Welcomed with Open Arms
The first time Jessup Leakey heard about Dordt University was when he received a text message from one of Dordt’s football coaches.
“He mentioned that the football program was interested in me, and he would like me to come up for a skills camp to show them what I could do,” says Jessup. “I was very anxious after reading that text because Dordt was the first school to take serious interest in me.”
He immediately checked out Dordt’s website and was interested to see that Dordt had a strong Christian culture. He’d originally been planning to attend college close to his hometown of Independence, Missouri, but he decided to check out Dordt’s campus.
“The beautiful campus, the Agriculture Stewardship Center, and the professors I got to meet made it nearly impossible not to come to Dordt,” he says. “My main focus for college was faith, football, and agriculture, and after visiting Dordt, it was easy to see that all my areas of interest were present at Dordt.”

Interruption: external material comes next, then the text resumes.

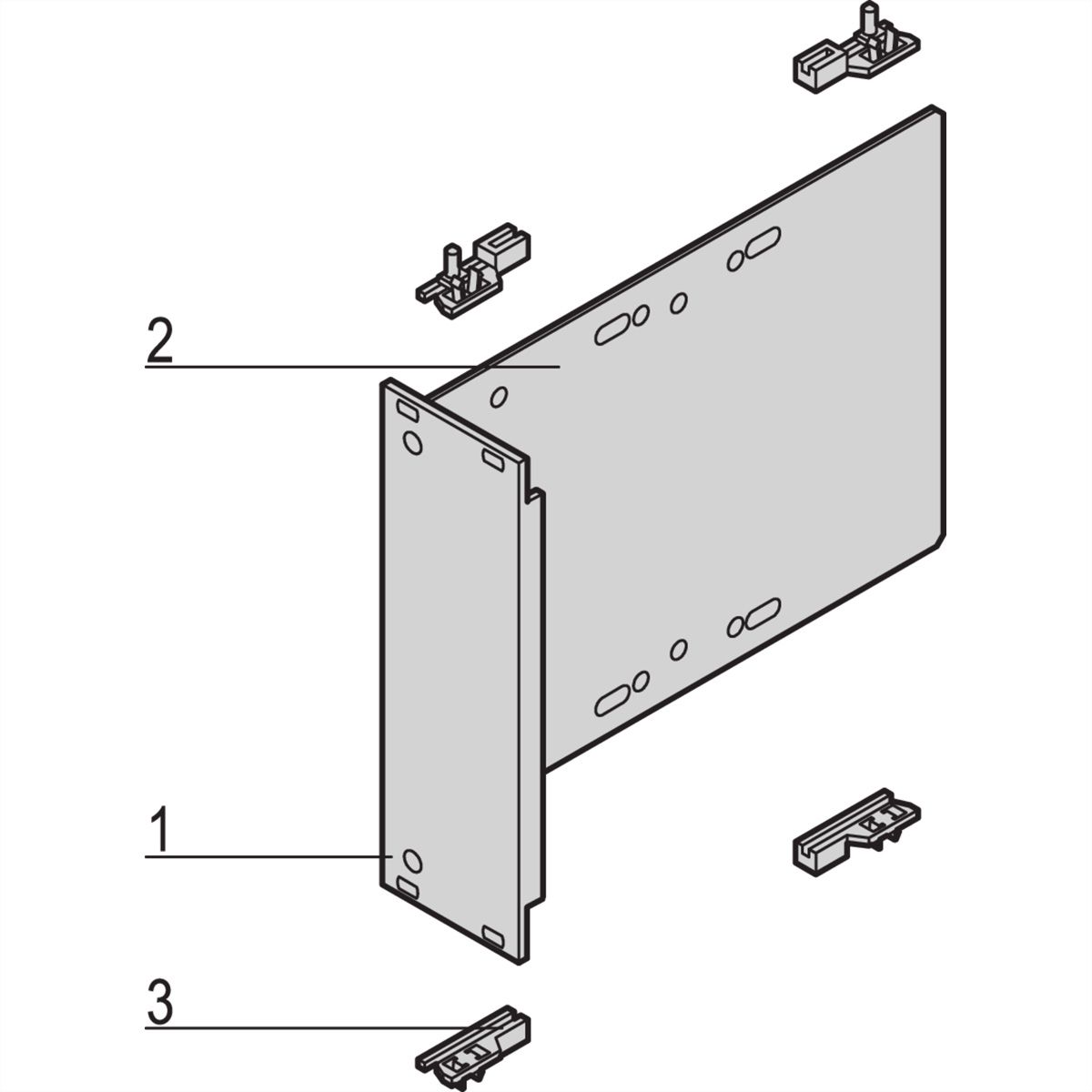 Module CPCI SCHROFF pour unité d'entraînement HD 1 × 3,5", 3 U vertical, avec face avant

He grew up on a family row crop farm, so he figured studying plant science would be a natural fit. But he wasn’t exactly sure what to do in plant science until he connected with one of his agriculture professors.
“I’m grateful for Professor Jeremy Hummel who guided me through my academic journey and single-handedly inspired me to pursue a career in plant science,” he says. “Without Professor Hummel, I would still be confused about where I belong at Dordt and in the world of agriculture. Along with outstanding professors in the Agriculture Department, the classes themselves are outstanding.”

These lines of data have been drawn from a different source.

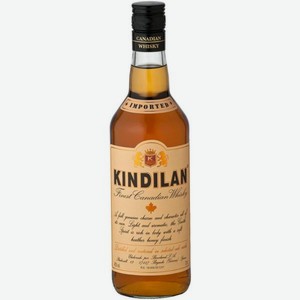 Виски КИНДИЛАН Canadian Blended Whiskey 0.7л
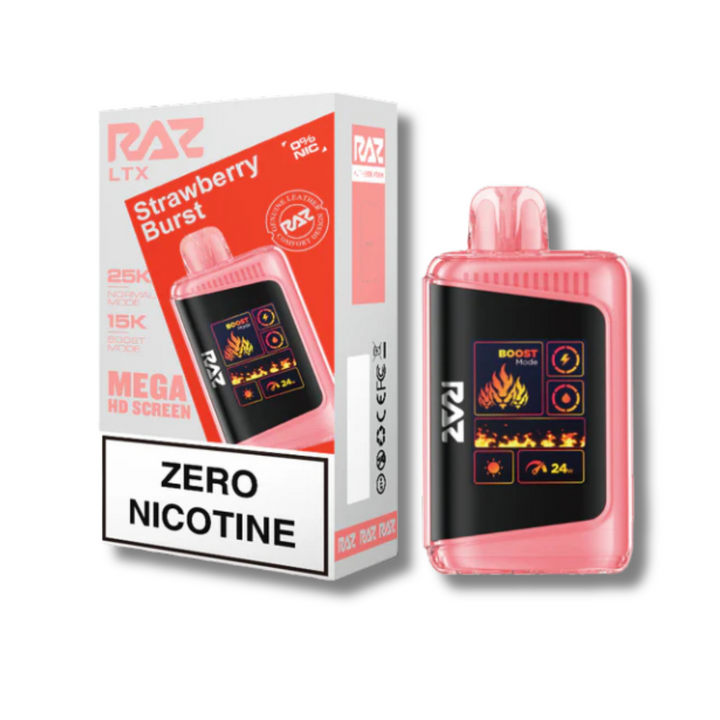 RAZ LTX 25K Zero Nicotine Disposable Vape - Strawberry Burst Flavor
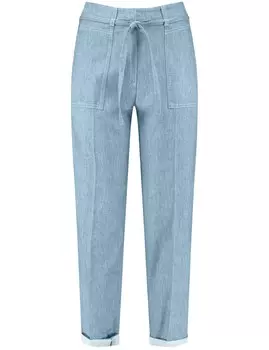 Обычные плиссированные брюки Gerry Weber, небесно-голубой/голубой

He’s also grateful that, this past summer, he was able to work as an intern agronomist through Corteva Agriscience.
“This was a new step for me because I hadn’t worked in the research side of agriculture, which made me quite nervous, but because of the things I learned in my time at Dordt I was able to use lessons from class to succeed at Corteva.”
This year, he works as the feed barn manager for the cattle out at the Agriculture Stewardship Center. He works alongside ASC steward Mike Schouten. Having previously had no experience working with cattle, he now feels confident in his cattle management abilities.
After graduation, Jessup hopes to go into conservation through the government, with a goal of conserving and sustaining agriculture in the United States.
Jessup has played football competitively for 17 years of his life. Growing up, he says, football wasn’t necessarily fun; it was more like a job.
“My high school team was a 6a class school, meaning it was the highest most competitive level of football where there was no room for failure, so being able to play for that program involved a lot of extra time up in outside of football,” he explains. “Growing up in that environment and then moving to Dordt football was a major difference. Dordt football is a family and faith-centered team that is so much fun to play for.”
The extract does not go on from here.